Dans quelle langue faudrait-il enseigner les sciences au Maroc ?

La question agite beaucoup de Marocains et de manière souvent clivante. Dans les milieux politiques, ou du moins médiatisés, deux camps semblent s’affronter : ceux qui prônent l’arabe classique et ceux qui prônent le français.  Mais ce choix n’est-il pas trop restrictif ? 

Revenons sur la question de la langue d’enseignement des sciences au Maroc, le temps d’un court article en essayant d’être un tant soit peu logiques, et surtout loin de toute considération partisane. 

Hypothèse 1. Faisons, dans un premier temps, l’hypothèse que lorsque nous nous posons cette question, notre souci est l’amélioration du niveau scientifique des jeunes Marocains. Cette hypothèse n’est pas toujours évidente car lorsque l’on observe certains débats autour de cette question, le niveau scientifique des jeunes Marocains ne semble pas primordial. Les débats tournent parfois autour de la colonisation française, de l’arabité des Marocains, voire de leur islamité.  

Supposons par ailleurs dans le cadre de cette première hypothèse que le lecteur est convaincu que la maîtrise des sciences est cruciale pour le développement d’une nation. Le lecteur qui n’est pas convaincu de cela peut passer son chemin et aller lire d’autres articles. 

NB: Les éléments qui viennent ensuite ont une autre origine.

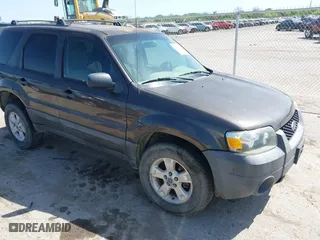 2007 Ford Escape XLT with VIN 1FMYU03167KA10635, listed as a IAAI auction lot 42009859 with 1 mi miles. Bid and sale history available at carsss.com. Image 1.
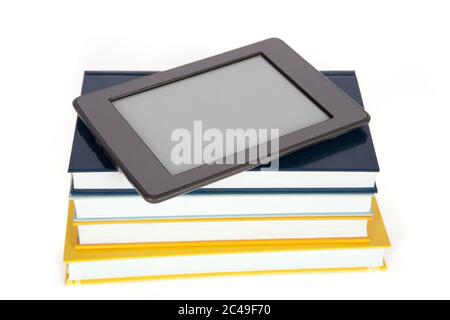EBook Reader mit leerem Bildschirm auf dem Stapel von Papierbüchern. Isoliert auf Weiß. Stockfoto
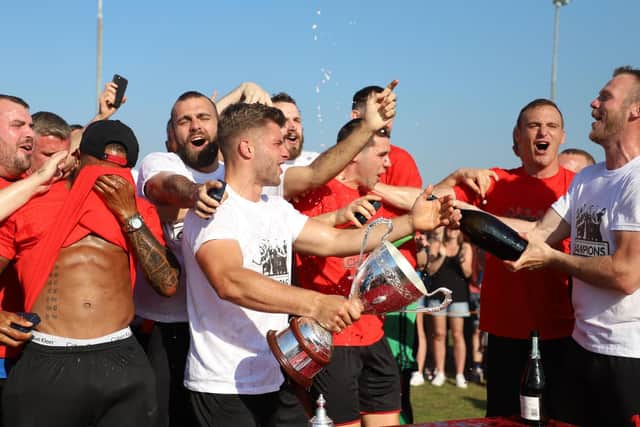 Kettering Town's players enjoy their title party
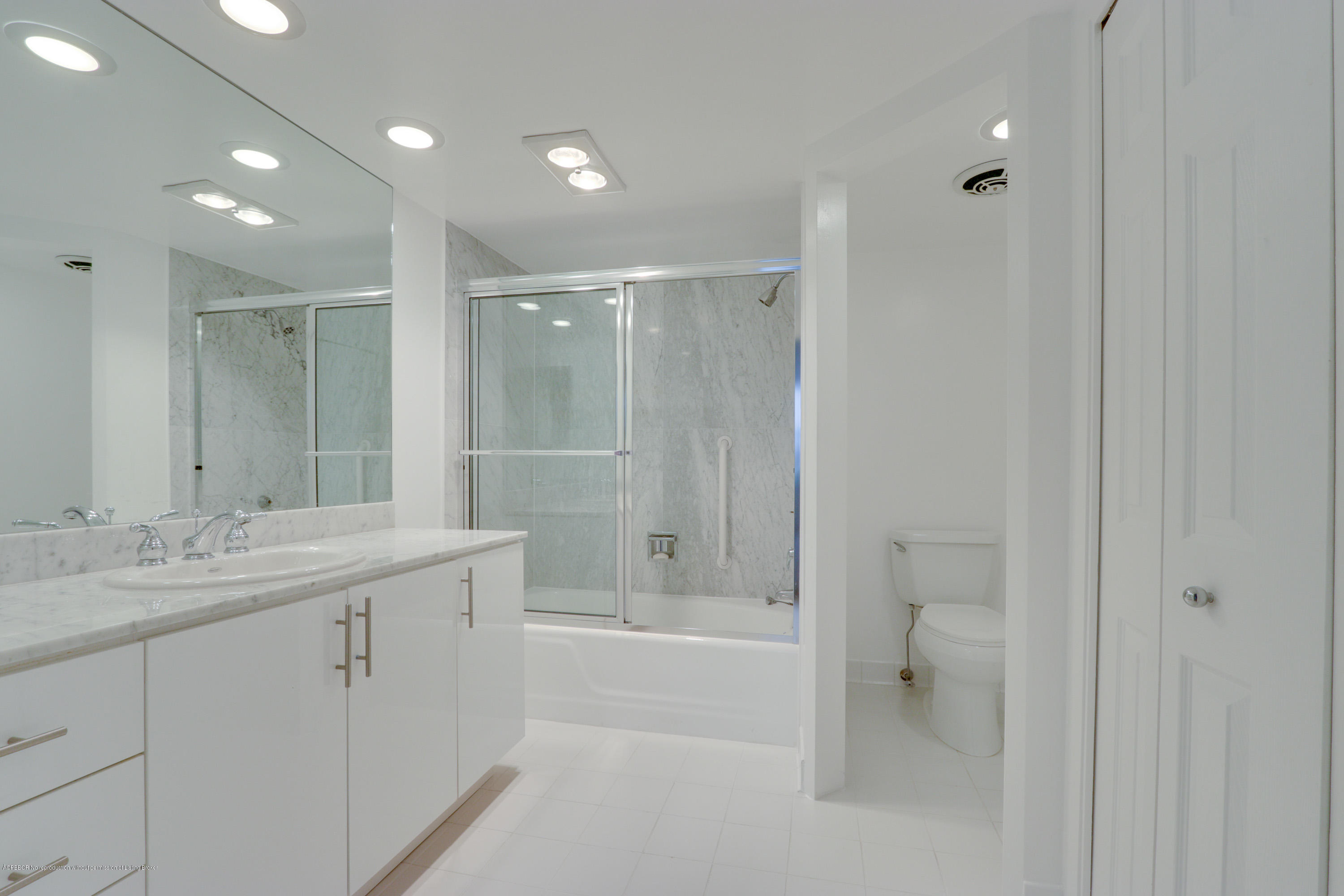 333 Sunset Avenue, Unit 308 Palm Beach, FL 33480 - Photo 15 of 29 a bathroom with a granite countertop sink a toilet and shower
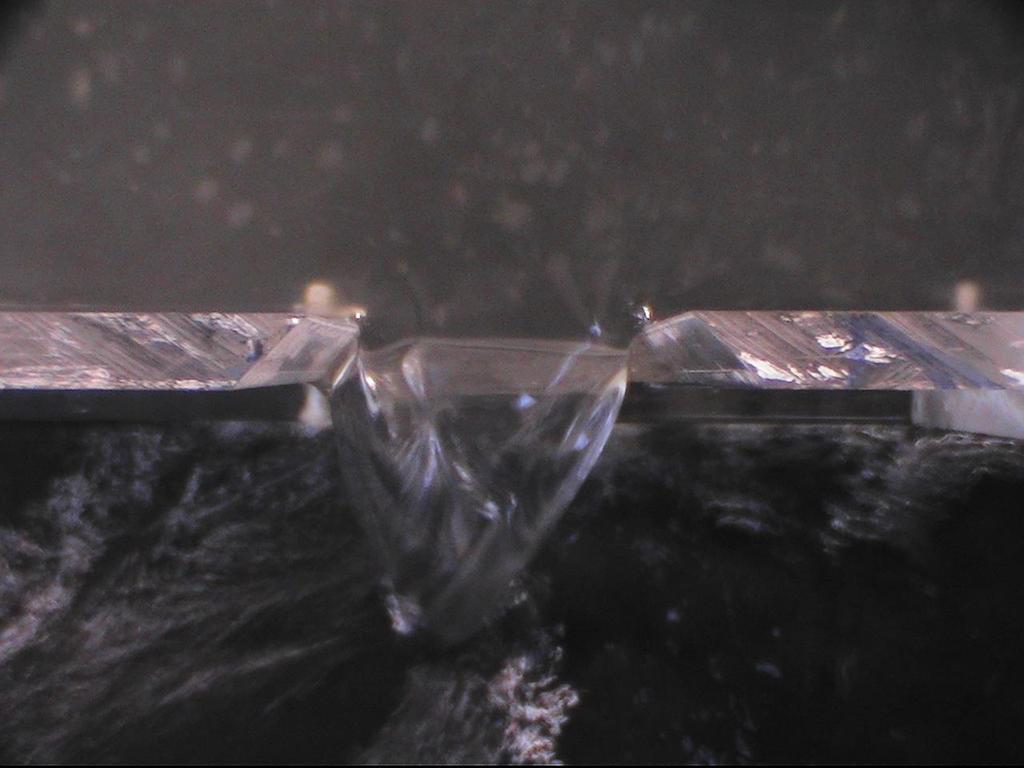 Experimental Flume ROWLINGS (2010) Figure 4-4 Weir flow clinging to outer channel face 4.2.3 Stilling the Flow To prevent this disturbance to the flow more intensive stilling measures were put in place.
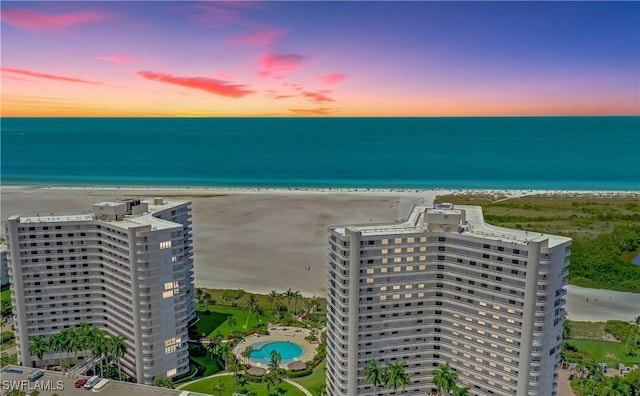 aerial view at dusk with a water view and a view of the beach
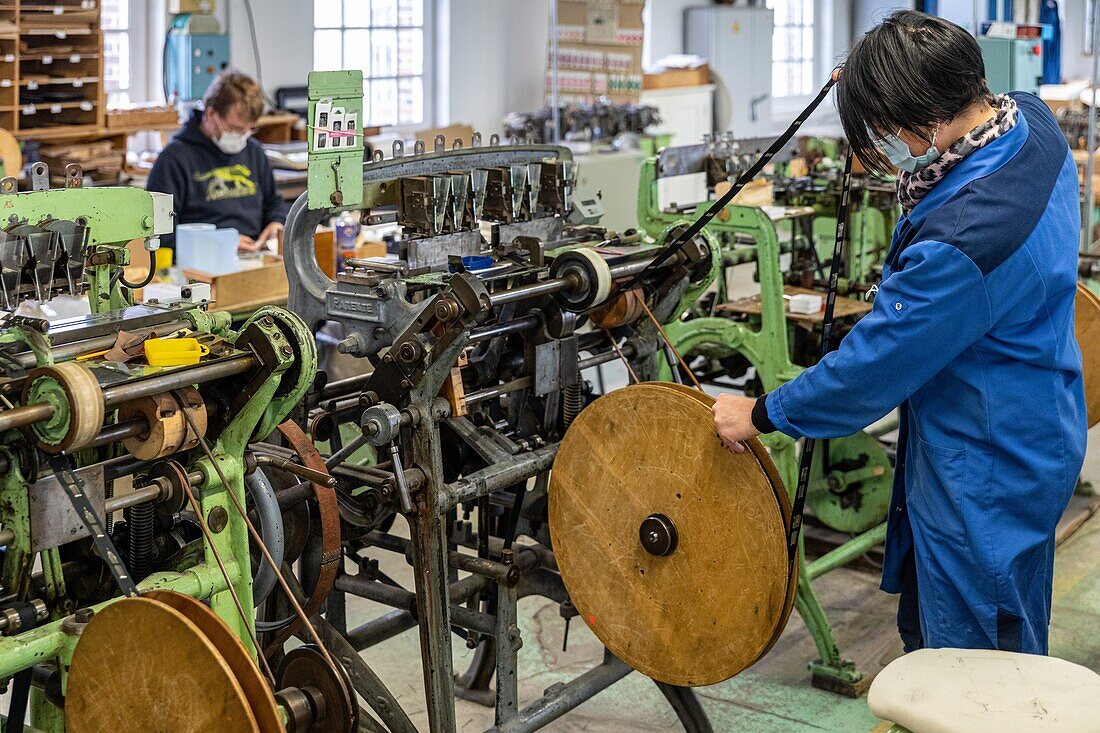 Worker threading needles on the bobbins of fabric before the final packaging, factory of the manufacture bohin, living conservatory of the needle and pin, saint-sulpice-sur-risle, orne (61), france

Hypothèse 2. Certains argumentent que, certes, les sciences sont importantes, mais que la question de la langue ne l’est pas. Ils expliquent que les sciences sont des formules mathématiques et que la langue de leur enseignement importe peu. Cela est en fait faux. Quand on fait des mathématiques fondamentales par exemple, on écrit des pages et des pages de preuves qui ne contiennent que peu de formules. Ces preuves s’écrivent dans une langue qu’il est important de comprendre.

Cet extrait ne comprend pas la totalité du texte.